## TASK BRIEF
The line containing "Hey guys, welcome" marks the start of the required copy, which runs to the final line of the entries; return those lines exactly, without any pictures.
== RECORDS FOR THIS TASK
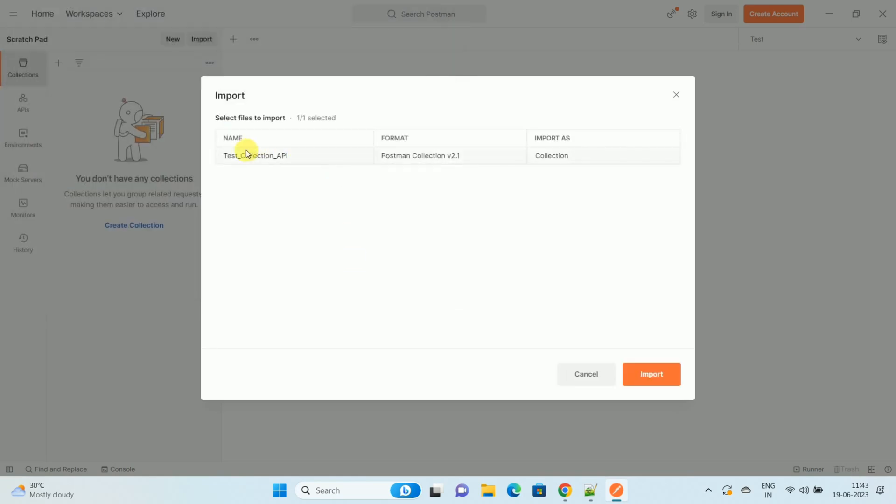Over here you can see the name of the collection which is TestCollection API. The format is given PostmanCollection version 2.1 and it is a collection. Now, I want to import this existing collection into my Postman.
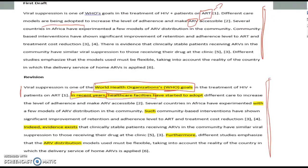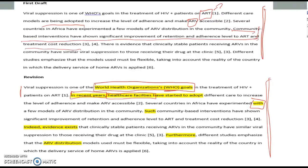For sentence three, I left it largely as-is: 'Several countries in Africa have experimented with a few models of ARV distribution in the community.' Then the next sentence in the original read: 'Community-based interventions have shown significant improvement of retention and adherence.' I asked myself whether this refers to the sentence before — that these are the community-based interventions just described. So I added 'such' — 'Such community-based interventions have shown...' Just one word, but it makes a much stronger connection between the two sentences. Without 'such,' that connection isn't there.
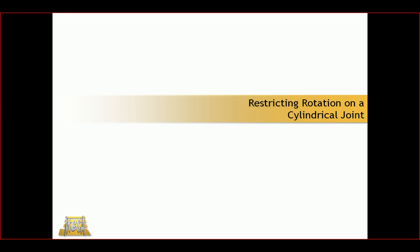In this video I'd like to share a workflow for restricting the rotation of a cylindrical joint.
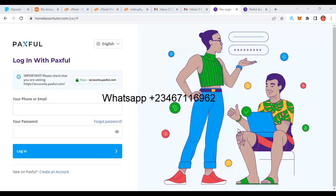Hey guys, welcome back to my training. My name is Ajayi Adebayo, and in this training I'm going to be teaching you how hackers create a fake Paystack login page to collect users' email and password, which gets sent to their email address. They deceive you by showing you a fake Paystack login page, and you enter your login details as if you are logging into Paystack, while your details are collected by these guys.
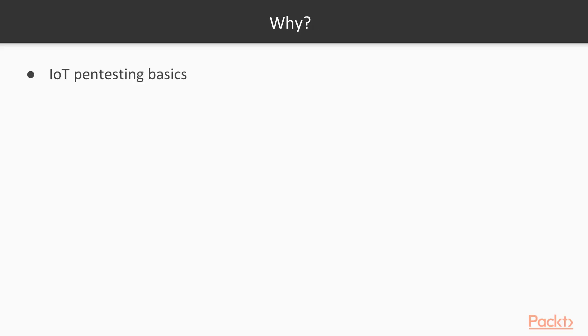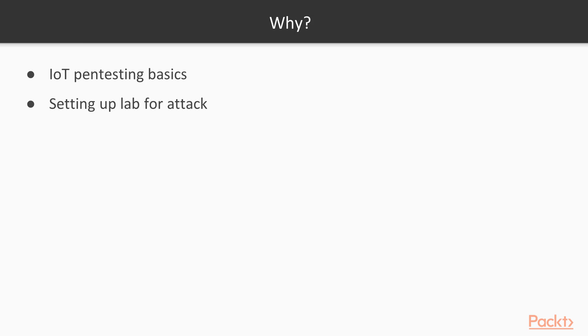So why should you take this course? This course is very special if you want to learn about IoT pentesting. It's going to cover the basics of IoT pentesting, then provide you information on how to set up a lab for IoT pentesting at your home, at your office, anywhere. And then it will provide you information on how to pentest various IoT devices inside the network.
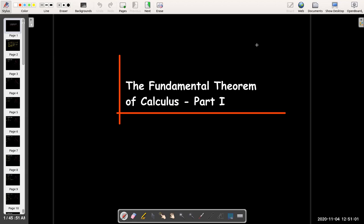In this video, we're going to look at the first part of the Fundamental Theorem of Calculus. The Fundamental Theorem of Calculus has two parts. In this video, we're only going to look at Part 1, and there'll be a separate video for Part 2.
====
## REPLY
Hey guys, welcome back to my training. My name is Ajayi Adebayo, and in this training I'm going to be teaching you how hackers create a fake Paystack login page to collect users' email and password, which gets sent to their email address. They deceive you by showing you a fake Paystack login page, and you enter your login details as if you are logging into Paystack, while your details are collected by these guys.
So why should you take this course? This course is very special if you want to learn about IoT pentesting. It's going to cover the basics of IoT pentesting, then provide you information on how to set up a lab for IoT pentesting at your home, at your office, anywhere. And then it will provide you information on how to pentest various IoT devices inside the network.
In this video, we're going to look at the first part of the Fundamental Theorem of Calculus. The Fundamental Theorem of Calculus has two parts. In this video, we're only going to look at Part 1, and there'll be a separate video for Part 2.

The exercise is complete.